Prima Gumilang | CNN Indonesia
Selasa, 15 Des 2015 23:49 WIB
Undang-undang Desa dibentuk agar aparat desa bisa membangun dan menata dirinya secara mandiri. Dalam pelaksanaanya masih ada beberapa tantangan.
Menteri Marwan Jafar mengatakan masih ada hambatan dalam penerapan Undang-undang Desa. (Dok. Kementerian Desa, Pembangunan Daerah Tertinggal, dan Transmigrasi)
Jakarta, CNN Indonesia -- Menteri Desa, Pembangunan Daerah Tertinggal dan Transmigrasi Marwan Jafar mengakui bahwa pelaksanaan Undang-undang Nomor 6 tahun 2014 Tentang Desa masih mengalami berbagai hambatan dan tantangan. Padahal keberadaan undang-undang tersebut memberi harapan dan peluang bagi desa untuk membangun dan menata desa secara mandiri.

Hambatan pertama, kata Marwan, adanya fragmentasi penafsiran Undang-Undang Desa di tingkat elit. Hal ini berimplikasi pada proses implementasi dan pencapaian mandat yang tidak utuh, bahkan mengarah pada pembelokan terhadap mandat Undang-Undang Desa.

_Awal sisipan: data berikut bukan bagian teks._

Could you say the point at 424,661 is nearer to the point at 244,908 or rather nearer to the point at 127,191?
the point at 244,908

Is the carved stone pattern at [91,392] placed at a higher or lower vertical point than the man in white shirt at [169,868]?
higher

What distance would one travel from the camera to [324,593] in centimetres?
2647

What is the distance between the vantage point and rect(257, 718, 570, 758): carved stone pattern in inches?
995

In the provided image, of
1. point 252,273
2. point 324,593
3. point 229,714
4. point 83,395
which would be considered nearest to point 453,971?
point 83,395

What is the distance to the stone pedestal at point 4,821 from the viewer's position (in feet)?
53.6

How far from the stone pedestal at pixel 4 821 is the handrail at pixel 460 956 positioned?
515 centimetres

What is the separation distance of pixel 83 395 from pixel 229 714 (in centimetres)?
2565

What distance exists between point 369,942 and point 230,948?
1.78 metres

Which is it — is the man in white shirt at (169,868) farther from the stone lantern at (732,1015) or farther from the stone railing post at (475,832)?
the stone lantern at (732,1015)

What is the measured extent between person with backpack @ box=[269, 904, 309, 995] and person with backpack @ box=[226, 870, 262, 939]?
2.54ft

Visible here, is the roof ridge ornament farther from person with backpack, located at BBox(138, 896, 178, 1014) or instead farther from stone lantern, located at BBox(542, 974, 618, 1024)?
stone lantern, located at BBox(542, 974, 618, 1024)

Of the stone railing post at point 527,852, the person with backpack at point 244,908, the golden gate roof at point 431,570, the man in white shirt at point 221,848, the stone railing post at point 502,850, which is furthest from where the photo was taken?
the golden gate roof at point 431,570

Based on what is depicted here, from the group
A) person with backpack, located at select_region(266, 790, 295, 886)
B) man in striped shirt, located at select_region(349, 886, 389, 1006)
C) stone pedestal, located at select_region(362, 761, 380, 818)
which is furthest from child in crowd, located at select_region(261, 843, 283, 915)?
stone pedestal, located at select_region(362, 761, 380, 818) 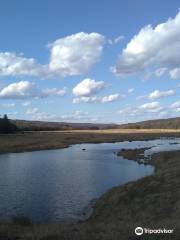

Di tingkat pemerintahan desa, kata Marwan, kerap terjadi pragmatisme yang mengarah pada hilangnya kreativitas dalam menggali sumber daya lokal di desa. Hal ini menjadi hambatan kedua.

ADVERTISEMENT

SCROLL TO CONTINUE WITH CONTENT

Dana desa yang seharusnya dimanfaatkan untuk meningkatkan kemandirian dan kesejahteraan masyarakat desa, hingga kini belum digunakan secara optimal untuk menggali sumber pendapatan baru melalui investasi produktif yang dijalankan oleh masyarakat.

"Penggunaan Dana Desa masih melakukan replikasi atas village project sebelumnya yang bias pembangunan infrastruktur," kata Marwan dalam acara Rembug Nasional Desa Membangun Indonesia di Jakarta, Selasa (15/12).

Persoalan berikutnya, kata Marwan, demokratisasi di desa masih menghadapi kendala praktik administratif. Aparat daerah cenderung melakukan tindakan kepatuhan dari pusat untuk mengendalikan pemerintah desa, termasuk dalam hal penggunaan dana desa.

Padahal menurutnya, Undang-Undang Desa telah mengakui kewenangan yang dimiliki oleh desa dalam mengatur dan mengurus kepentingan masyarakat berdasarkan hak asal-usul, adat istiadat, dan nilai sosial budaya secara demokratis dan partisipatif.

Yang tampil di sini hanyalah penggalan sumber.